◆ Task details: Give back the records below exactly, omitting the pictures.

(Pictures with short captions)
--

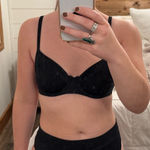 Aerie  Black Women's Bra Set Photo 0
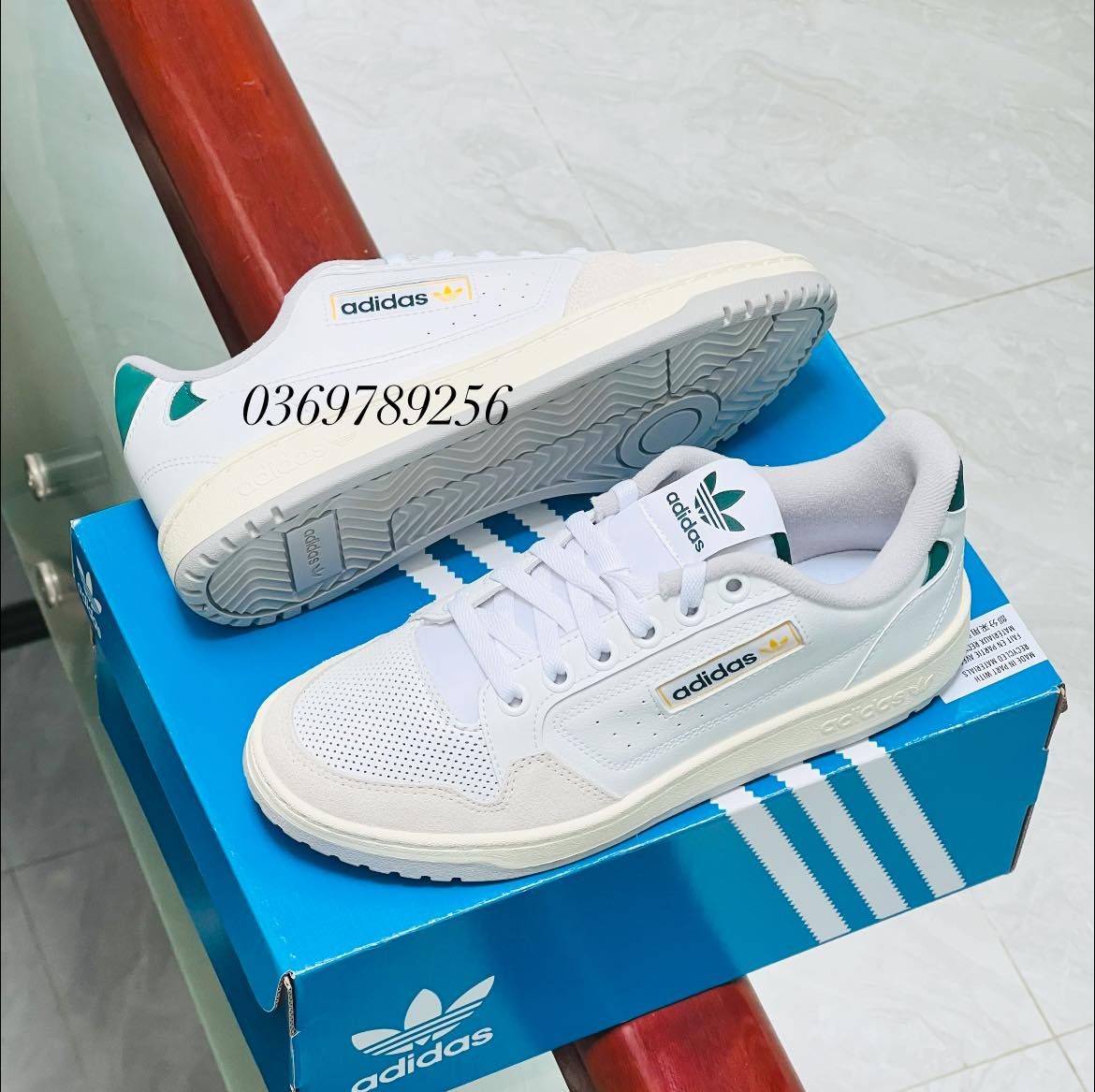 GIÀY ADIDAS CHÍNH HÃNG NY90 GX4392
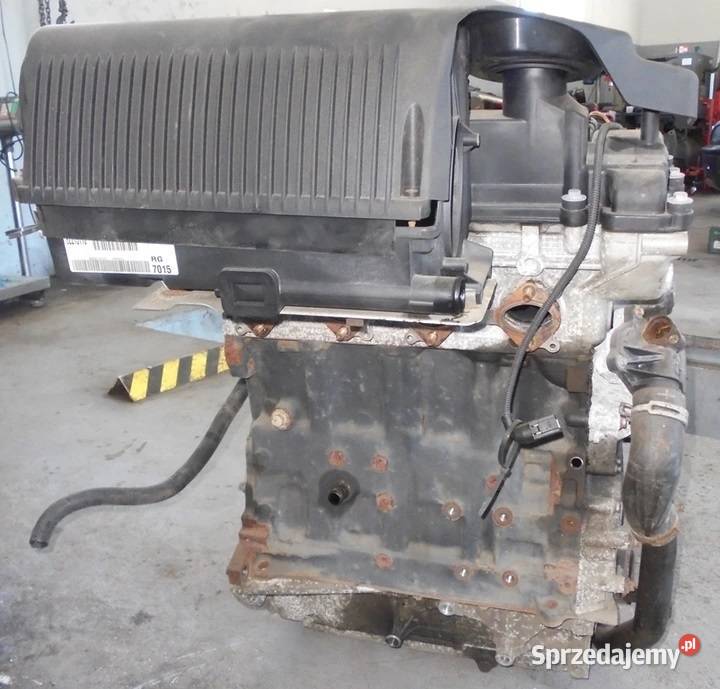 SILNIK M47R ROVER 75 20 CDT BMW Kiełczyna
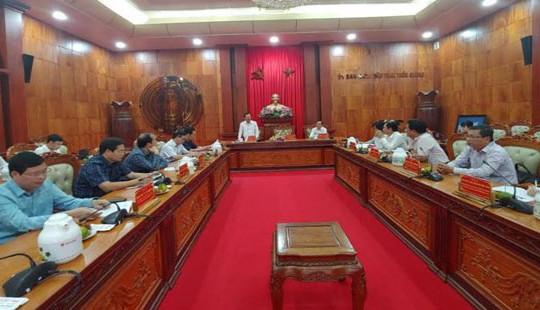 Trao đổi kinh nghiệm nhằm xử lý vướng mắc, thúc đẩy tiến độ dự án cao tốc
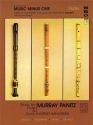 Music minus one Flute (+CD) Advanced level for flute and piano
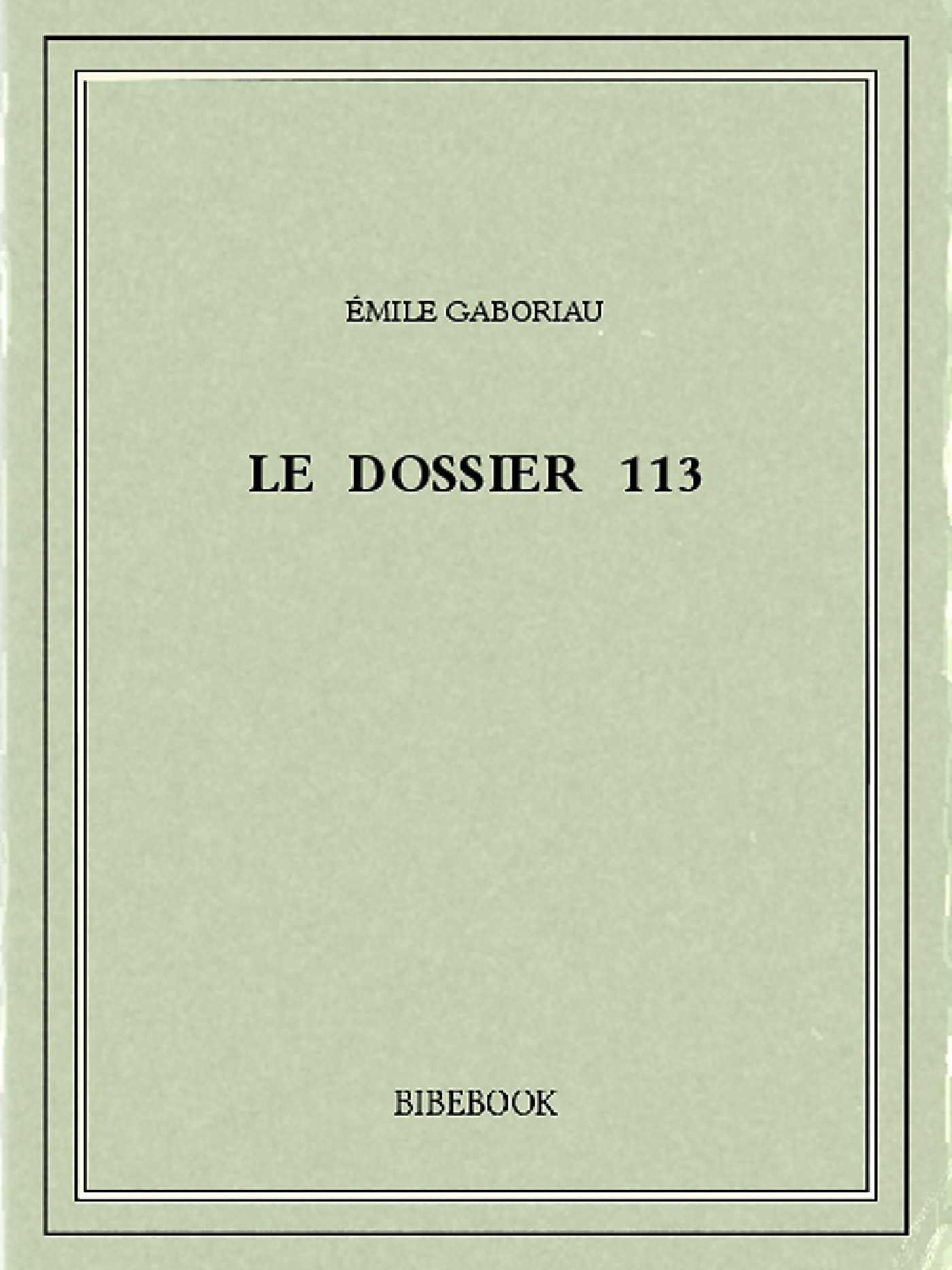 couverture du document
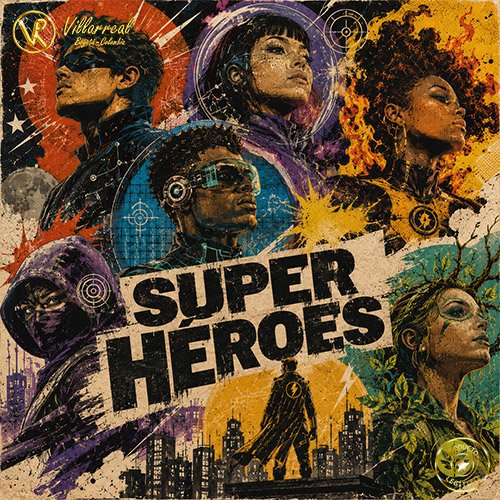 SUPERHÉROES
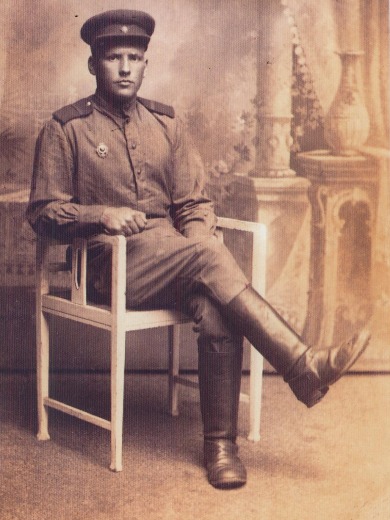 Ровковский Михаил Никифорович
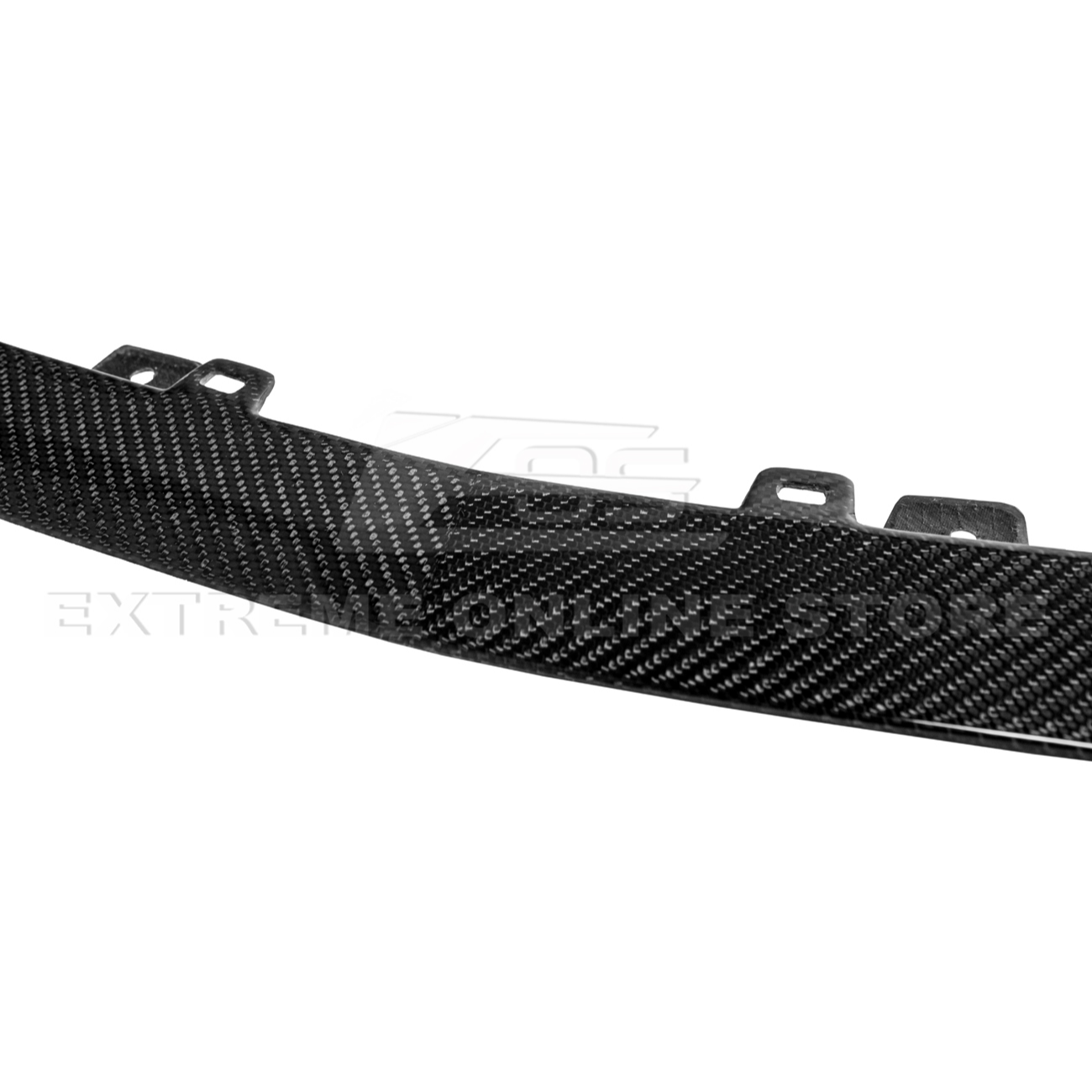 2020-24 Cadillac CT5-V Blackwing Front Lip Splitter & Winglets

--

◆ Reply:
 Aerie  Black Women's Bra Set Photo 0
 GIÀY ADIDAS CHÍNH HÃNG NY90 GX4392
 SILNIK M47R ROVER 75 20 CDT BMW Kiełczyna
 Trao đổi kinh nghiệm nhằm xử lý vướng mắc, thúc đẩy tiến độ dự án cao tốc
 Music minus one Flute (+CD) Advanced level for flute and piano
 couverture du document
 SUPERHÉROES
 Ровковский Михаил Никифорович
 2020-24 Cadillac CT5-V Blackwing Front Lip Splitter & Winglets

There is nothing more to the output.